For catastrophe excess of loss programs in the Americas, ROL was flat to down 2 percent on average for loss-free programs. Layers experiencing losses had ROL increases of 5 percent to 10 percent. Even without an impact from the disasters in Japan, it was evident that reinsurers were unwilling to continue to cut rates, as margins are squeezed further by losses and the increased price of retrocession.
Worldwide capacity of USD550 million was available at reasonable ROLs.
In the United Kingdom and Americas working layers pricing was flat, with risk-adjusted reductions for loss-free programs of up to 5 percent. For loss-affected programs, pricing followed exposure. High-risk excess programs experienced downward pressure on reinsurance rates as capacity was increased because of low exposure and high historical profitability. Multi-year contracts are increasingly being considered when conditions are favorable, but they have not gained significant traction yet.

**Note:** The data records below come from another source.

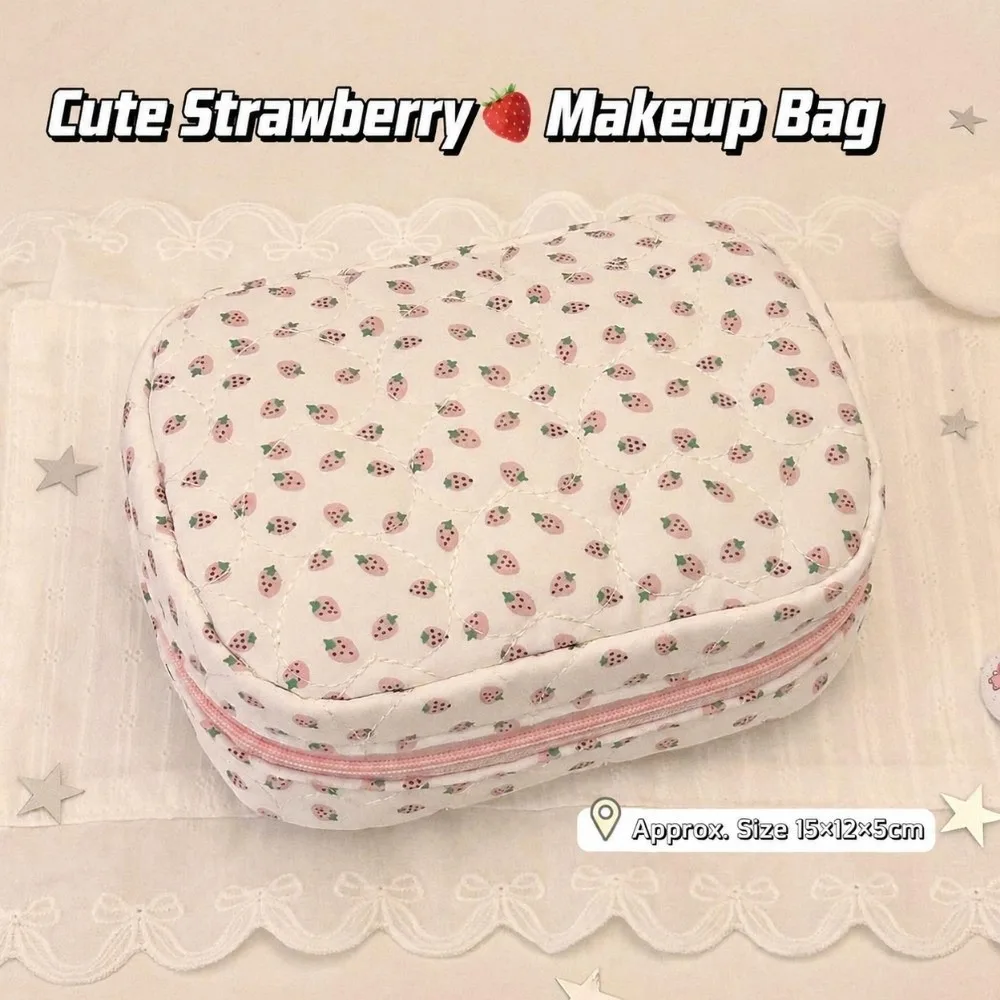 Durable Strawberry Print Makeup Bag Multi-layer Compartment Large Capacity Toiletry Bag Makeup Storage Pouch Women Girls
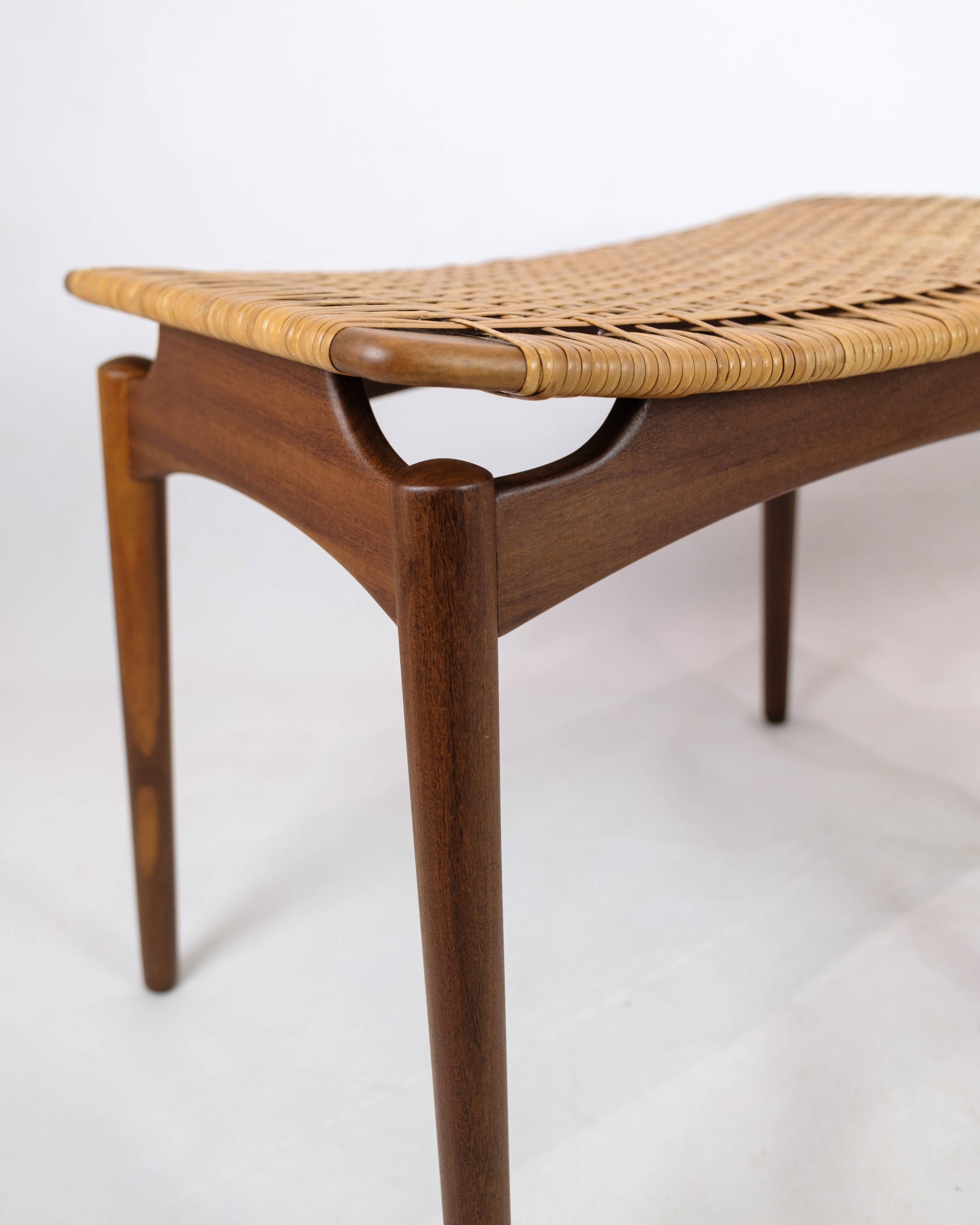 Papercord Stool In Teak By Sigfred Omann Made By Ølholm Møbelfabrik From 1960s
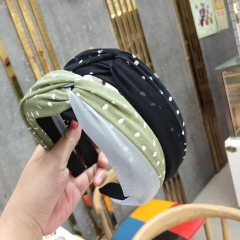 Wholesale Jewelry Korean Version Of Lace Mesh Knotted Fashion Wide Side Colorful Polka Dot Hair Band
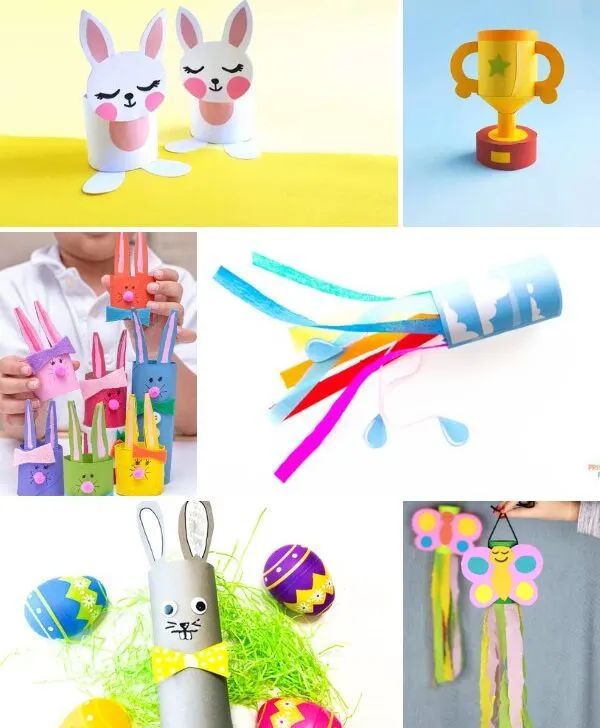 Collage image of Spring Toilet Paper Roll Crafts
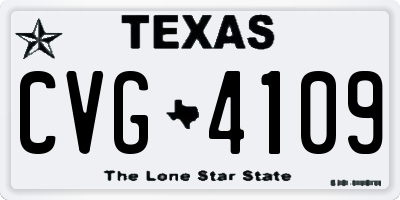 TX license plate CVG4109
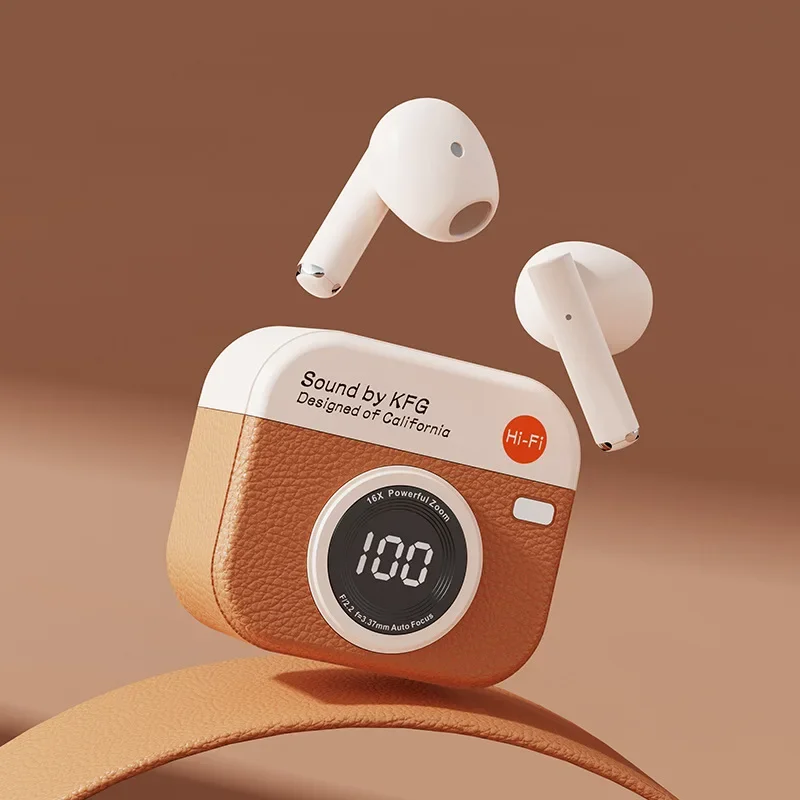 FONES DE OUVIDO SEM FIO BLUETOOTH 5.3 com microfone com cancelamento de ruído eletrônico e visor de LED (enc)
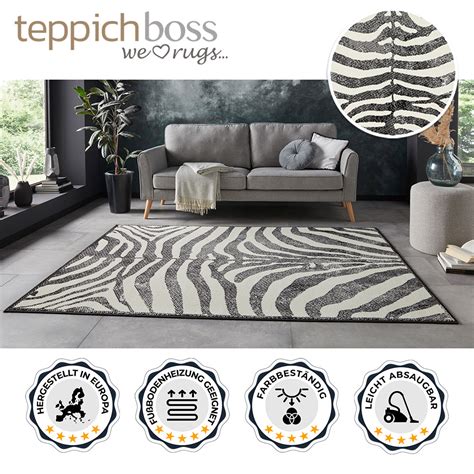 1 quadratmeter (mindestbestellung) 48,36 $/quadratmeter. Teppich Boss Design Kurzflor Teppich Zebra Tierfell Muster ...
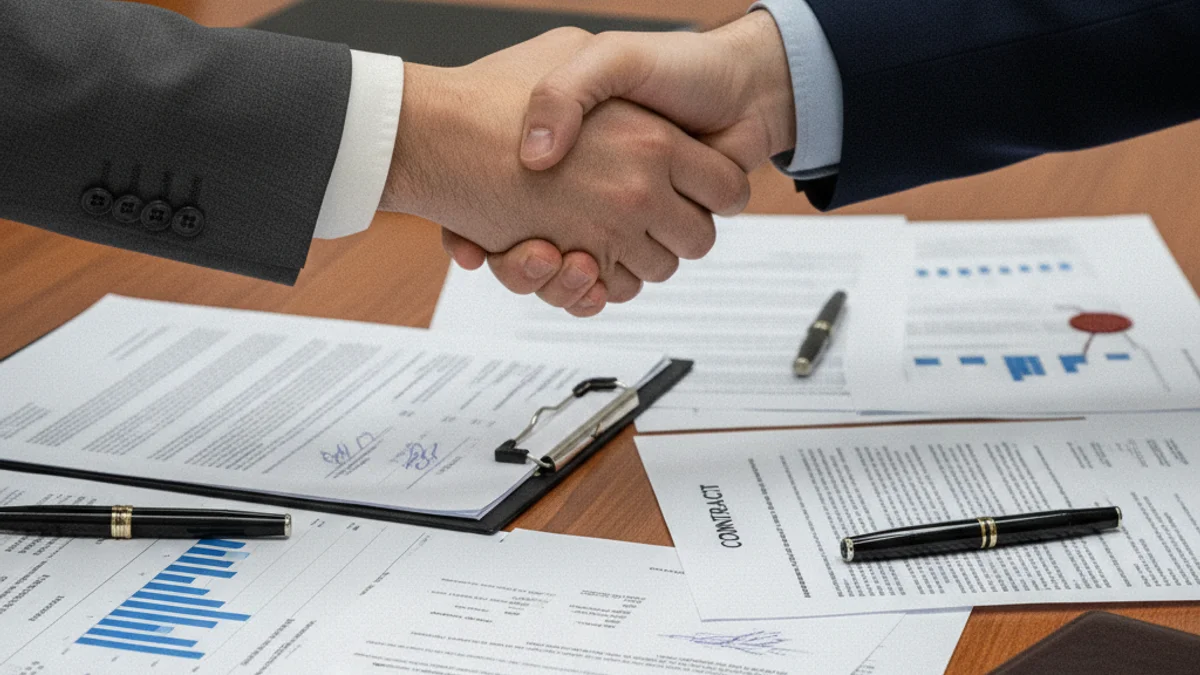 Representación visual de un acuerdo empresarial con dos manos estrechándose sobre documentos oficiales.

Internationally, both working layers and high risk excess program rates were flat year over year if they were not affected by losses.
In China local companies purchased per person risk excess and catastrophe excess at very low attachment points relative to the aggregate 2011 result, with a greater number of single-person losses. As a result, some renewal quotes were up 100 percent year over year.
For proportional treaty in the United Kingdom, continued poor performance led to an increased desire to buy reinsurance cover. Carriers accepted aggregate deductibles within treaties to increase profit potential and reinsurer renewal. For this reason, cedents also lowered their retentions. Capacity was flat and continues to remain minimal.
To conclude, some savings were achieved in low natural catastrophe and terror “hot spot” territories. Conversely, clients with losses or heavier aforementioned exposure were flat with some increase in prices. Overall capacity is plentiful at terms equal to or greater than their peers.